Purple is more red than blue is red. This doesn't make the word "red" lose its meaning. In my opinion, it gives the word more meaning by defining it as a spectrum of quality. Thus we can plot colors on a spectrum of red-ness, which can be useful for certain applications.

Similarily for capitalism-socialism. It is a spectrum. The United States represents one extreme, where something like, I don't know, North Korea maybe represents the other. And Finland is somewhere in-between.


That is not a good comparison. Blue and red are well defined as high frequency and low frequency electromagnetic radiation. Capitalism and socialism, on the other hand, are very vague terms, and I think the many discussions here prove that.

Take, for example, a country where the majority of things are privately run but are heavily taxed by the government. Is that more capitalist or socialist than a country where most of the economy is run by the government, but the remaining private businesses pay little to no taxes?

Or a country where one party owns everything but pretends to act on behalf of the workers, as opposed to a country where everyone is a business owner?
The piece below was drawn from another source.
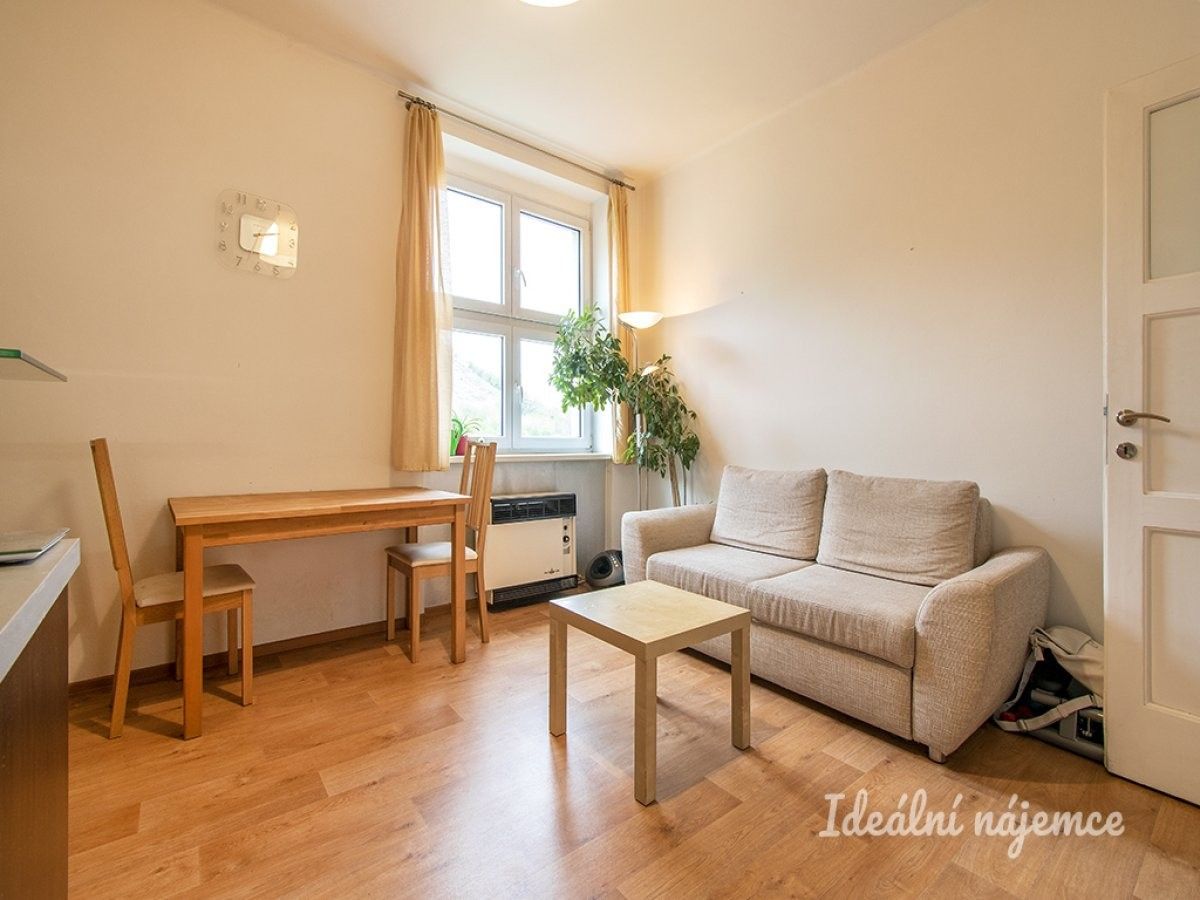 Pronájem byt 2+kk - Stará cesta, Praha, 48 m²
Or a country that has little labor regulation but a strong social safety net, versus a country with weak social welfare but strict labor regulation?
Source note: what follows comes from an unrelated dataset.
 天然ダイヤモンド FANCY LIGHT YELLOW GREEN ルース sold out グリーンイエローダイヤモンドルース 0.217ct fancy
The socialst dream is the class-less, egalitarian, solidary society.

The whole point of reformist socialism is that you should not try to get there in a single giant leap, but step by step, with the fully socialist society more of a Platonic ideal: There'll likely always be a next thing to fix.

Austria having free education does not make it socialist - but it makes it more socialist.


I think we have to be careful here because none of these countries which we have thus far mentioned have any ambitions of attaining the socialist crown you speak of. They like it the way it is: capitalist with strong protections for and investments (education, healthcare) in their capital producing peoples.


Indeed. Hence, not every Social Democrat can be considered a socialist - only progressive ones that still dream of a better world instead of having made peace with the status quo.


Not having some of the largest wealth inequality in the world (look it up).


A textbook reformist democratic socialist policy would be giving employees a seat on the board of directors, or allocating some company shares of publicly traded companies to them.

If Bernie Sanders had his way[1] and this was implemented in the US, the country would become more socialist.

[1] https://berniesanders.com/issues/corporate-accountability-an...


Sanders here mentions similar policy in Germany, but forgot to mention differences between US and german corporate governance models (one board vs two boards). In Germany (and many other EU countries), companies have executive board and supervisory board, the later is mainly to provide monitoring role and that is the board where empolyees have seat on.


No, you are even more wrong. Social democracy is not socialism. The state doing stuff is not socialism. A functional health care system is not socialism. The bare minimum of being socialist is to want to transition away from a capitalist system which no country in Europe has any ambitions.


Compared to the US, in terms of the US political dictionary it prolly is.

But no: socialism by the most agreed on definitions in the rest of the world needs some sort of wealth cap that Finland has not.


I think he's Finnish himself, but "socialist" was probably a harsh word here.


The tolerance paradox


Popper is a retarded pseud and if you take “the tolerance paradox” seriously you should stop trying to make philosophical or political arguments. All it means if you think it’s relevant is that your personal philosophy is internally inconsistent and unstable.